Dawes started of by saying that the media is not very good at covering the economy. He conceded that there are indeed deficiencies in how the media treats issues that relate to the lives of the poor and the policies that affect them. He raised the concern about the economy being expressed in a weary, standardised way.

Since 1996, there has also been a dichotomy between the politics of the left and the right.

Dawes reports that one version of the story goes like this: the African National Congress made a break with its progressive socialist history that left the poor worse off than under apartheid with declining social indicators to confirm this.

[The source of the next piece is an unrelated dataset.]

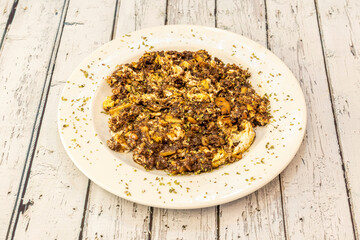 Spanish black pudding scrambled eggs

The other version of the same story goes something like this: Minister of Finance Trevor Manuel backed by Thabo Mbeki and the best team of civil servants abandoned the ideological shibboleths of the ruling party and replaced them with pragmatism and basic economics, dramatically reducing government debt and creating the fiscal space for expanded public spending.

This convenient opposition is what characterises and shapes the media’s analysis of South Africa’s political economy.

The media is generally interested in policy and those who promulgate it. For example, when the recent COSATU economic development policy document was released, the M&G got some views from the left and some views from the right and set up an easy oscillation between these ideological poles. The same thing happens at budget time and at the moment the media are doing the same dance around the discussion of the nationalisation of the mines.

The following questions were put to editors that participated in the discussion: Is the economy on the right growth path? What are the prospects for making it more inclusive? How does the media report on the economy? Does the media have a vision for South Africa's economic development?

Other media speakers at the SACSIS/FES event included, Mondli Makhanya (Editor in Chief, Avusa Media/Chairperson, SANEF), Alide Dasnois (Editor, Cape Times) and Reg Rumney (Head of the Centre for Economics Journalism in Africa, Rhodes University).